Shoes and Bags

This afternoon I attended the funeral for a woman who lived a good, long 96 years on this earth. I listened to her granddaughter, a dear friend of mine, fondly remember how her grandmother was to blame for her love of shoes and bags. I mentioned this to my husband hours later over pints of Barking Squirrel and a plate of pulled pork nachos.

“Don’t all women love shoes and bags to some degree?”

“Sure, I suppose,” I said. “My love may have shifted a bit in the last little while.”

There is no doubt I have a modest Nine West pump and peep toe collection from my former life, hanging in our front hall closet. They are the best brand for my runners’ feet: wide at the toes and narrow in the heel. I think they call that having duck feet. Each pair has its story. The sensible patent leather navy blue pair got me through an accounting interview at Houghton Mifflin, one of my first feeler interviews when I contemplated leaving public accounting. The three inch black pumps took me from power meetings at the office as a CFO to anniversary dinners. And the ┬áleopard print peep toes were fun at weddings. My bags were more functional than stylish. My sister kept me semi-up-to-date with bags from Yak Pak, including Levi’s and Dickie’s brands. My sister-in-laws coaxed me into leather purses with small forays into Coach. I couldn’t see the point of paying so much for something on which I would inevitably spill coffee.

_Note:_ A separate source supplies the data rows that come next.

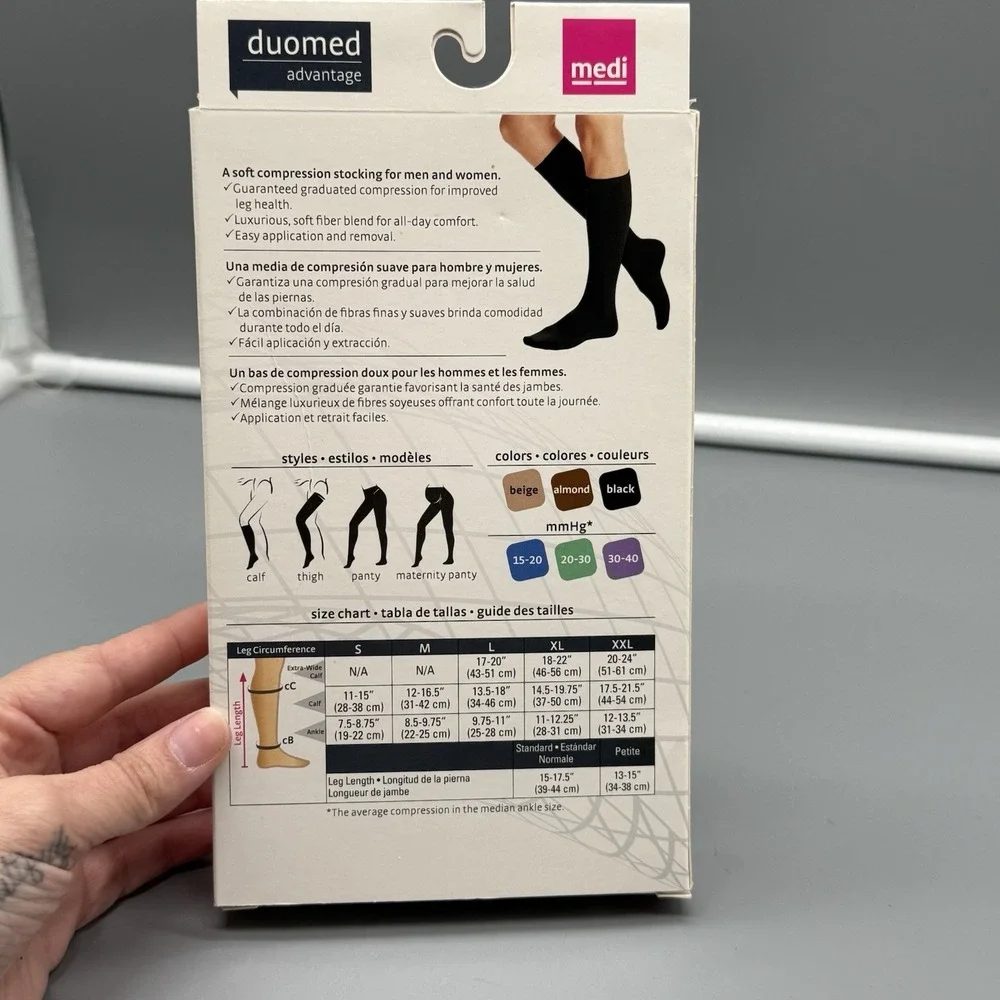 Duomed Advantage 20-30 mmHg Compression Knee High Black Size L Open Toe NEW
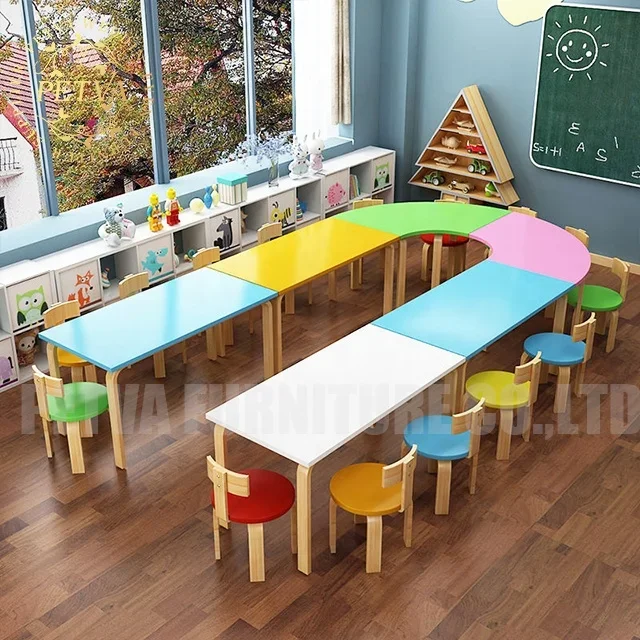 Beautiful kids reading learning table and chair kindergarten kids party tables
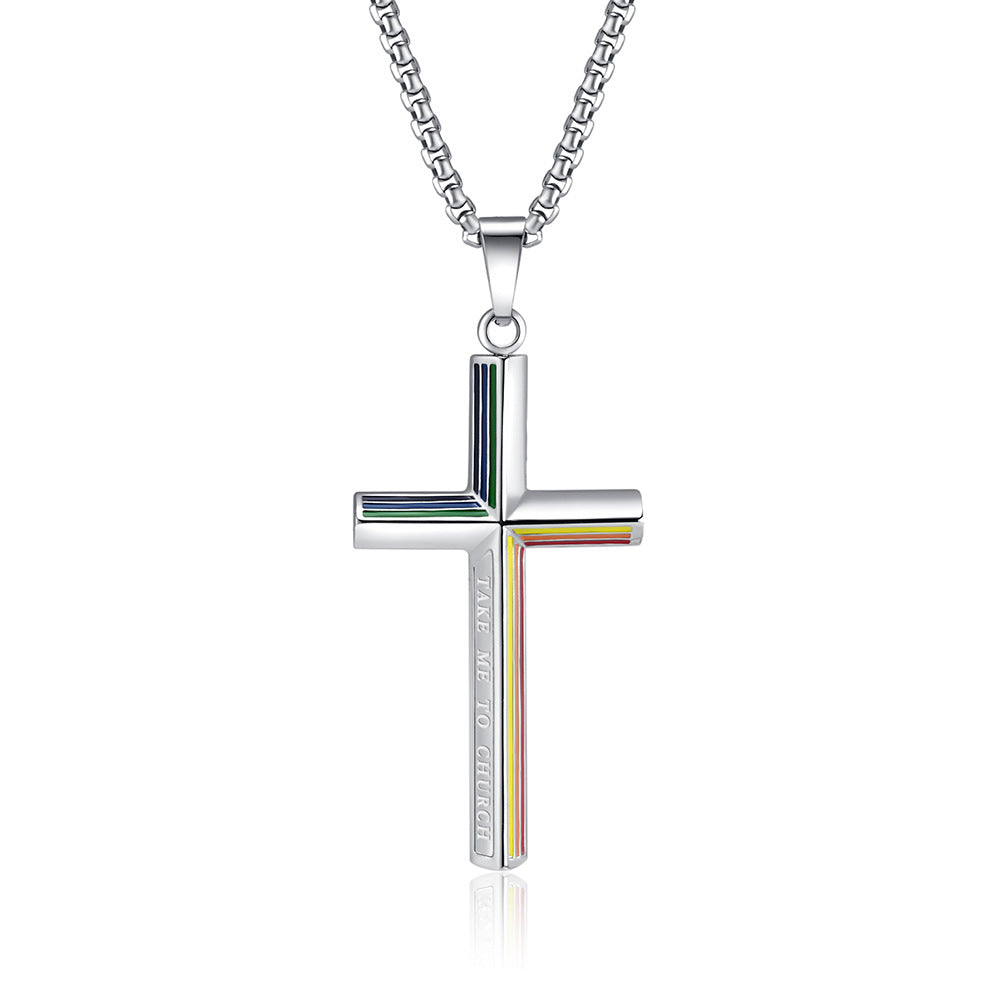 Rainbow Flag Titanium Steel Cross Necklace Personality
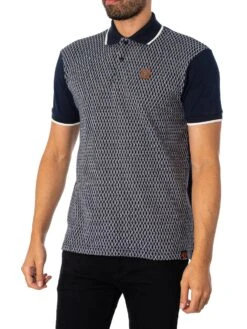 Trojan Pattern Polo Shirt - Navy
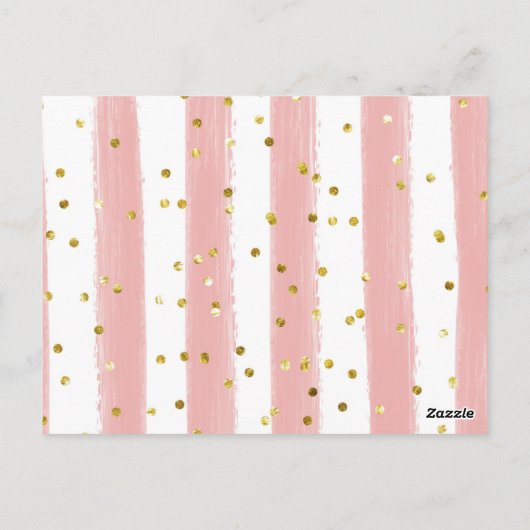 Roze Bloemen Weggevoerd Bruiloft Recept Briefkaart (Achterkant)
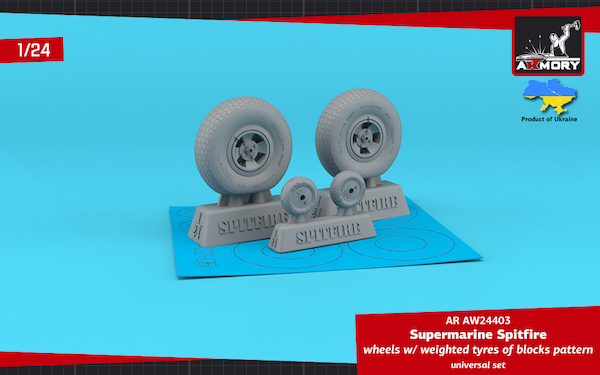 Supermarine Spitfire weighted wheels - Blocked pattern  (Airfix)  AR AW24403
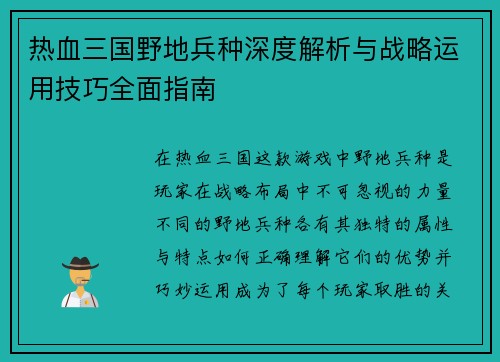 热血三国野地兵种深度解析与战略运用技巧全面指南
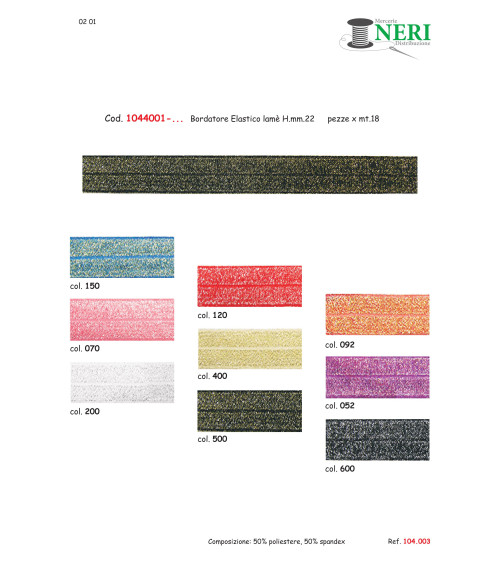 1044001-092 BORDAT.ELASTICO Lurex mm20 50NY 50EA**
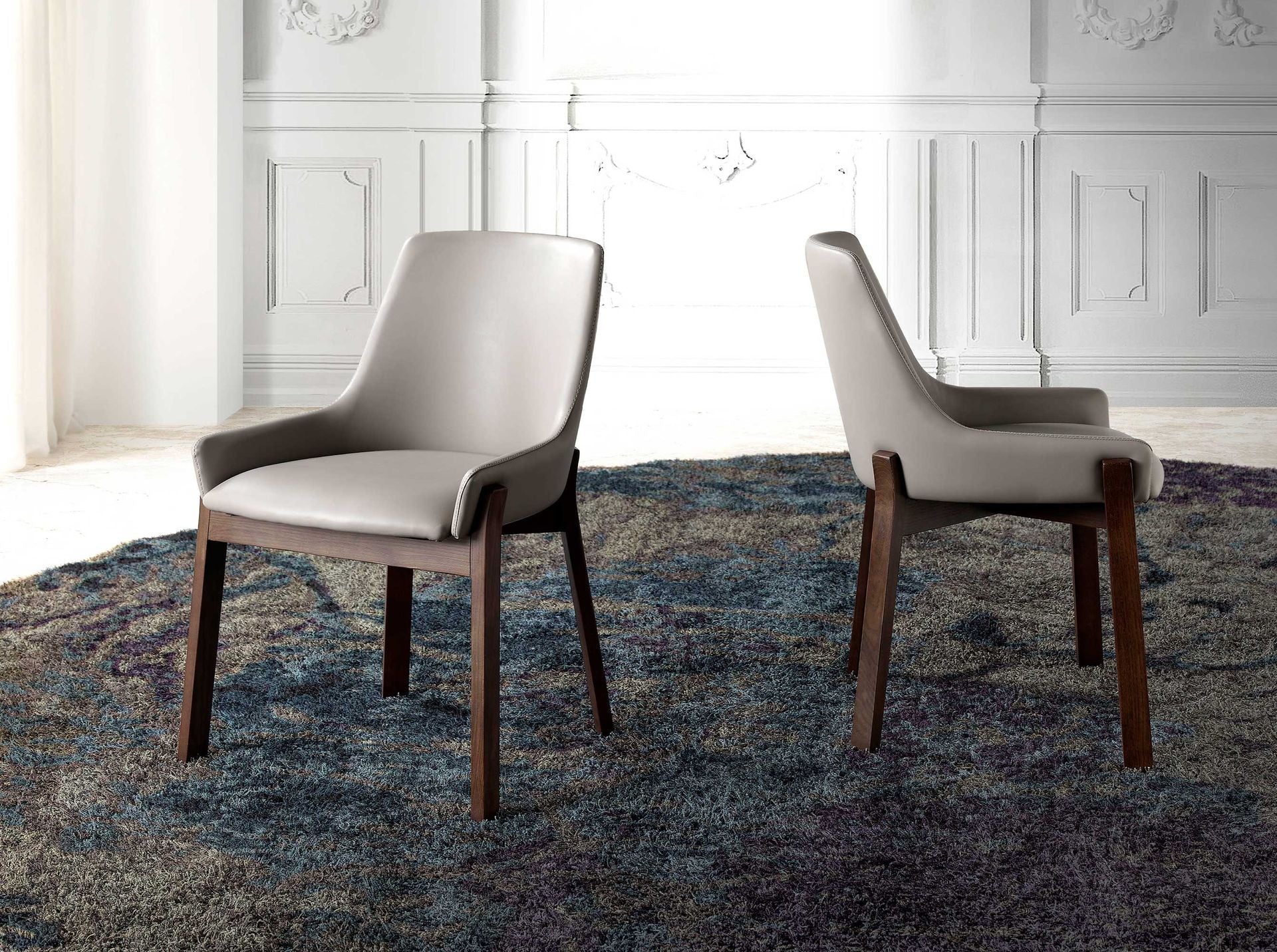 Sedia in ecopelle visone scuro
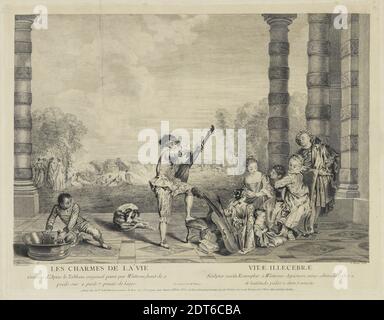 Artista: Pierre-Alexandre Aveline, francese, 1702–1760, dopo: Jean-Antoine Watteau, francese, 1684–1721, Les Charmes de la vie, Engraving, 14 11/16 × 18 7/8 pollici. (37.3 × 47.9 cm), cacciato dall'Università, Made in France, French, 18 ° secolo, opere su carta - stampe Foto Stock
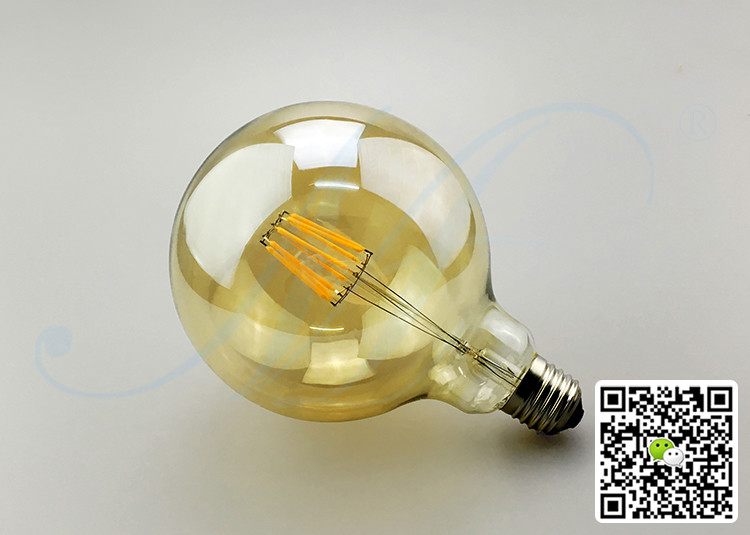Good Quality Led Edison Bulb G125 Clear Amber Glass Dimmable 6w 8w 12w Vintage Filament Bulb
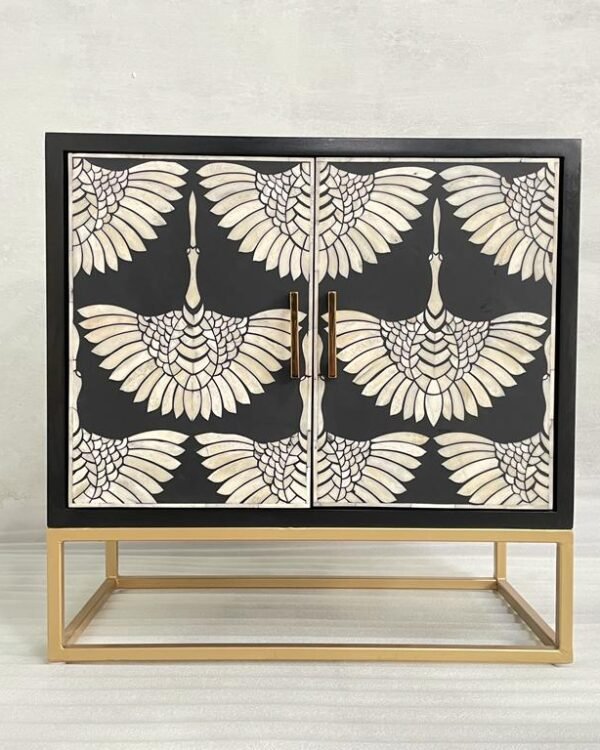 Handmade Bone Inlay Swan Cabinet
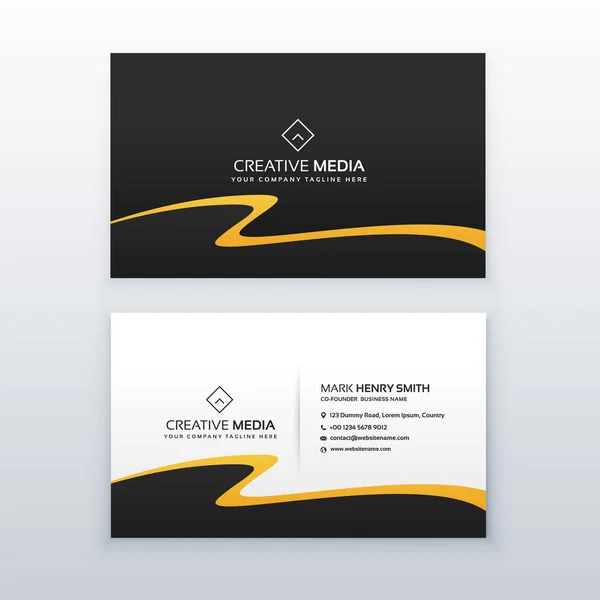 abstract wavy business card vector design template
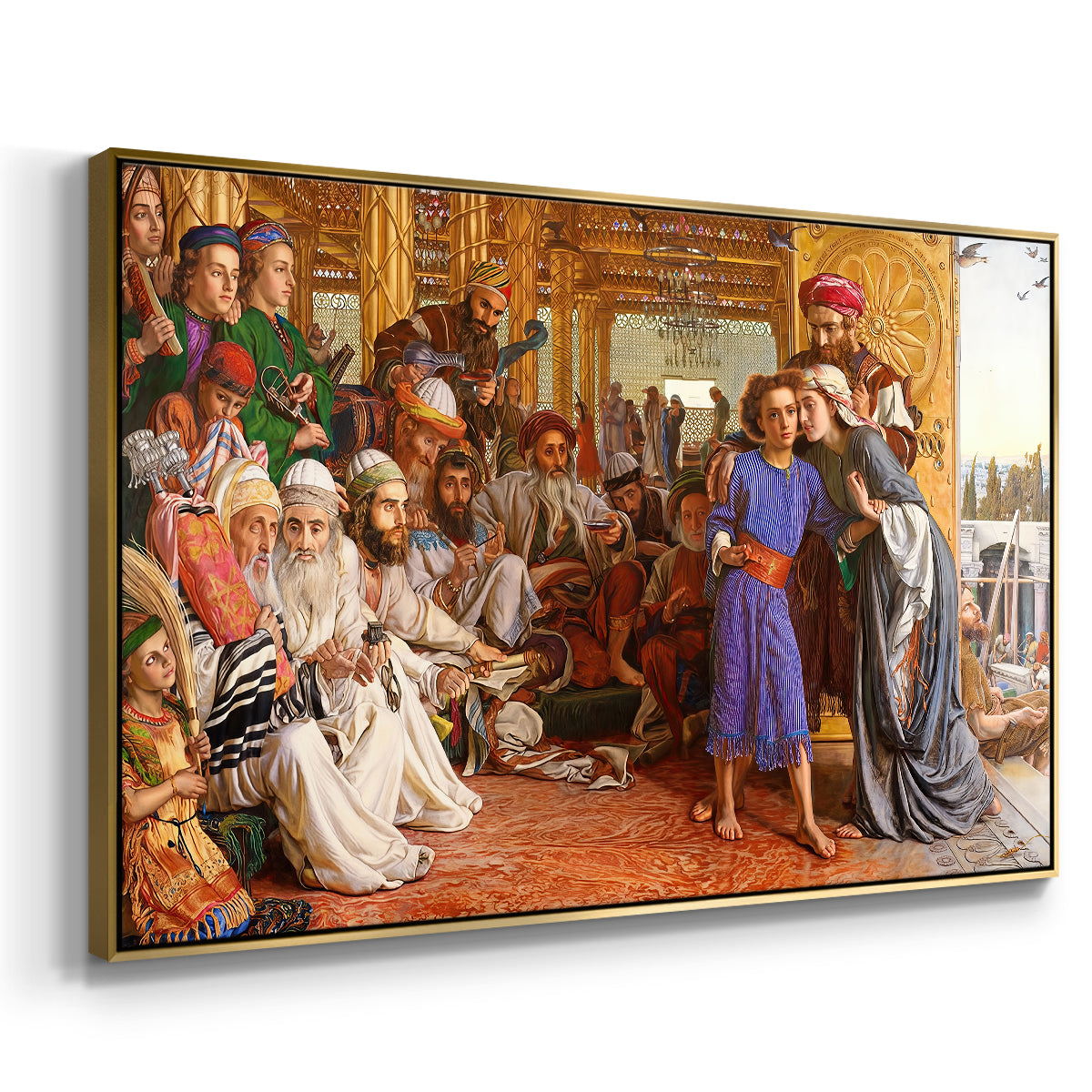 The Finding of the Saviour in the Temple, 1854-1860 - Floater Framed Canvas Print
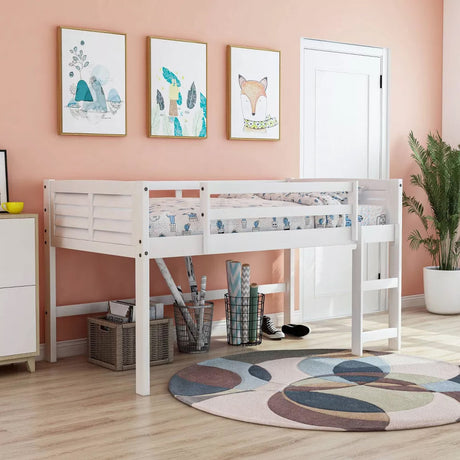 GERTRUDE White Twin Low Loft Bed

These days I am more likely to wear trail runners or my REI hikers than a slick set of stilettos. Those hikers have been with me for nine years. We hiked the Grand Canyon together, braved winter camping in -30 degree Celsius conditions, and paddled and portaged all around Woodland Caribou Provincial Park. The trail runners and I scrambled up the trail at Stawamus Chief Provincial Park in Squamish, British Columbia, learned how to canoe in November in Ontario, and explored Toronto’s countless trails. As far as my bags are concerned, I am more focused on how many liters my packs (yes, plural) can manage than finding that perfect red leather tote I saw a woman carry on an Air Canada flight. I love figuring out how best to pack my pack, playing three dimensional Tetris before each trip.

While I don’t expect to go back into the corporate world any time soon, I figure I will hang on to the pumps and peep toes for the occasional wedding or outing when I tire of wearing outdoorsy clothes. In the meantime I enjoy creating new memories and stories to be told with these REI hikers.